Material provided »
════

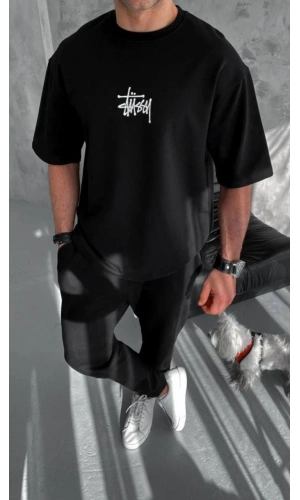 Unisex Bisiklet Yaka Baskılı Oversize T-Shirt - Siyah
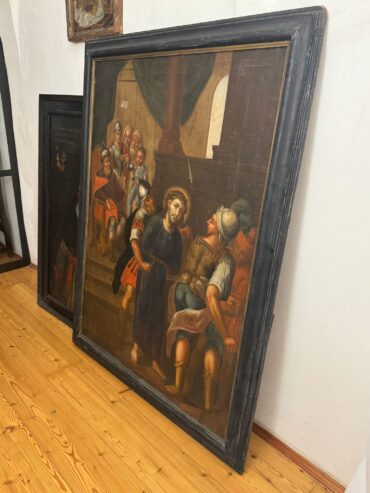 Seltenes großes barockes Altarbild mit originalem Rahmen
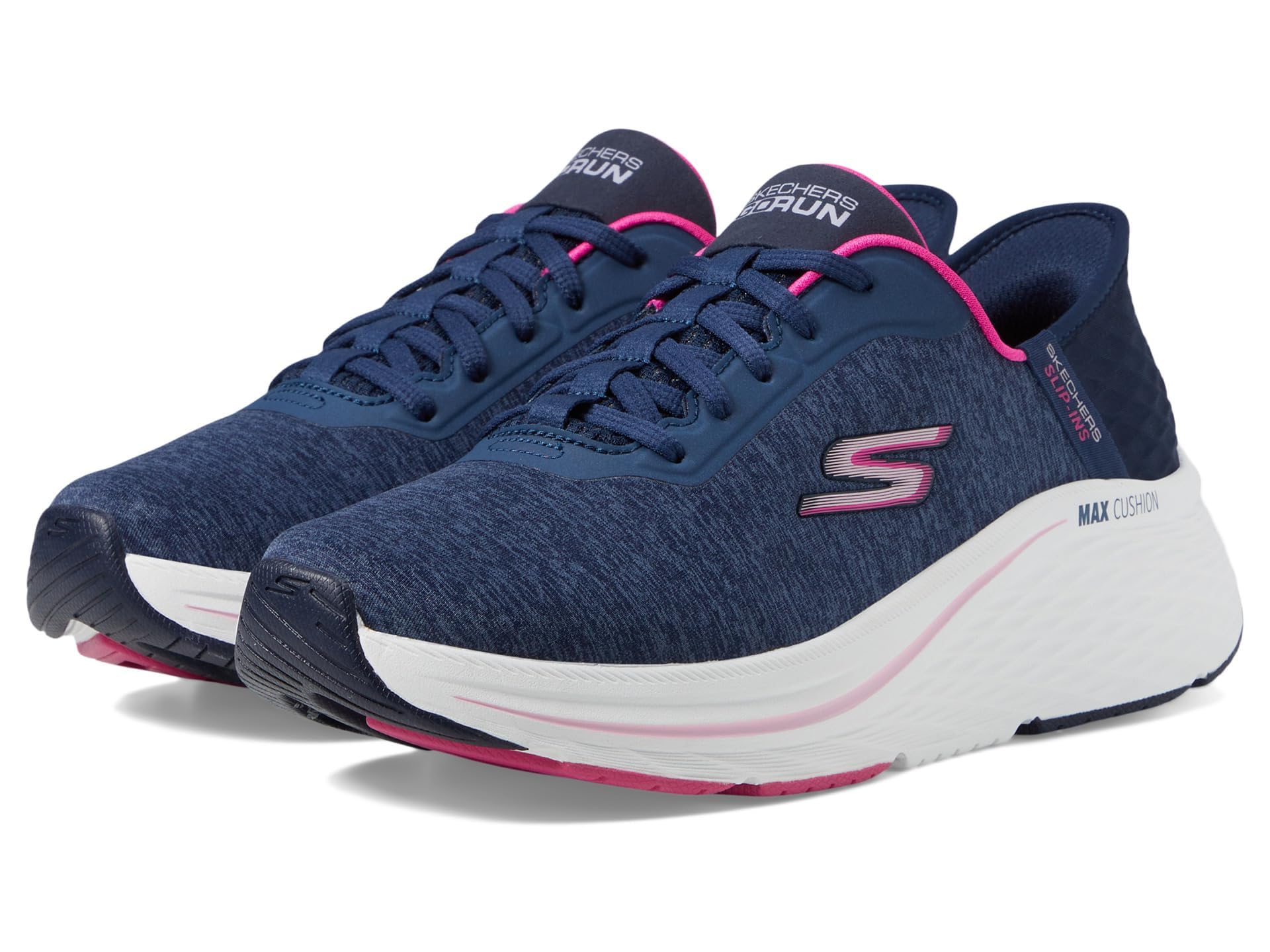 Photo 1 of Skechers Women's Max Cushioning Elite 2.0 Prevail Hands Free Slip-Ins Sneaker, Navy/Pink, 5.5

════

Work task »
No pictures belong in the copy; quote exactly the lines from the line containing "Seltenes großes barockes" through the final line of the material, both ends included.

Written reply »
 Seltenes großes barockes Altarbild mit originalem Rahmen
 Photo 1 of Skechers Women's Max Cushioning Elite 2.0 Prevail Hands Free Slip-Ins Sneaker, Navy/Pink, 5.5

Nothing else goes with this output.